- **Exercise data**
++++++

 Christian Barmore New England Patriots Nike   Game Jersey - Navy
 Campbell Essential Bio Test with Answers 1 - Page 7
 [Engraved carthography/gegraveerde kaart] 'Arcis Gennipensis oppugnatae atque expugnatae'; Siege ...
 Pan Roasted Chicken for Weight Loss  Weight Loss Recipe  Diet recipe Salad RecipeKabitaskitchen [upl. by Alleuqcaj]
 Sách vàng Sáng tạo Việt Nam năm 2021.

++++++

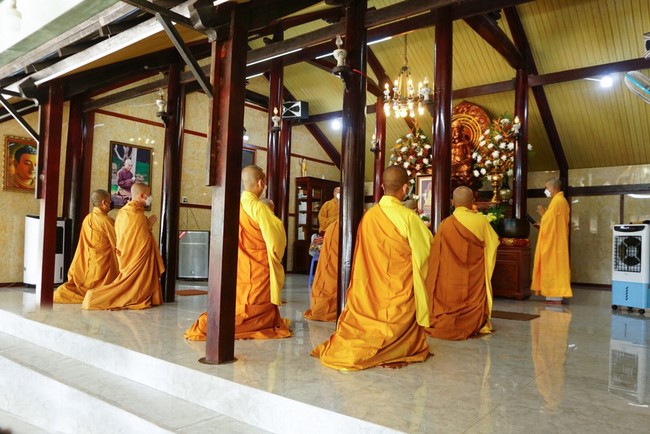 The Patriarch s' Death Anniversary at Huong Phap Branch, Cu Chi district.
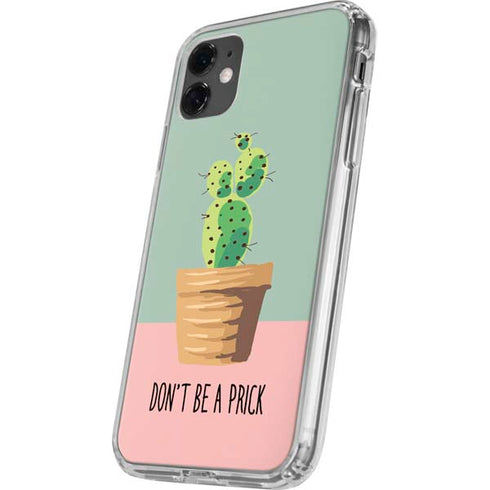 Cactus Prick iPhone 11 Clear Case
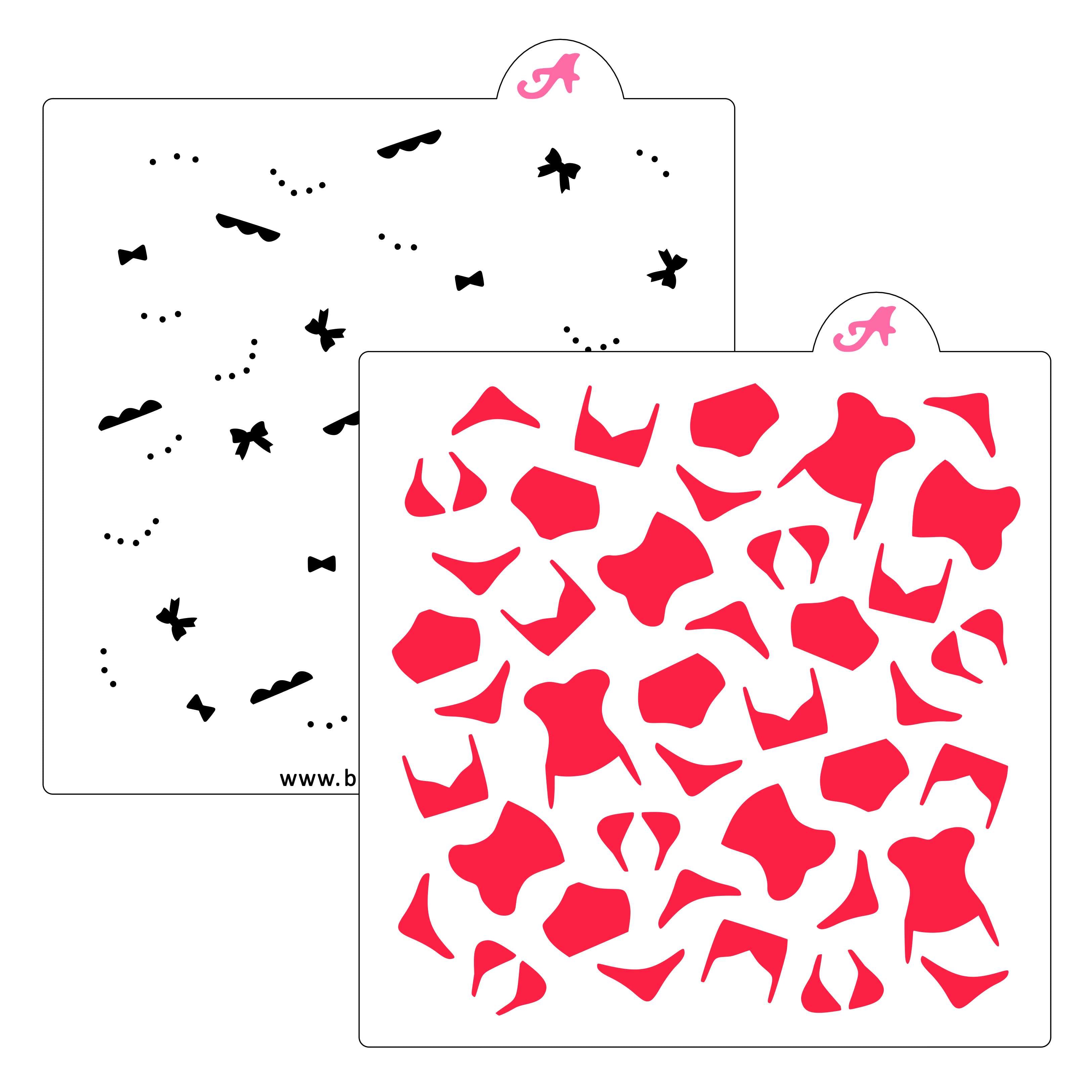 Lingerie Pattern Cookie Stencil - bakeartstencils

++++++

- **Task description**
Using the data above, output the line that has "Cactus Prick iPhone 11 Clear Case", the line that has "Lingerie Pattern Cookie", and whatever lines fall between, each exactly as it stands and without pictures.

- **Response**
 Cactus Prick iPhone 11 Clear Case
 Lingerie Pattern Cookie Stencil - bakeartstencils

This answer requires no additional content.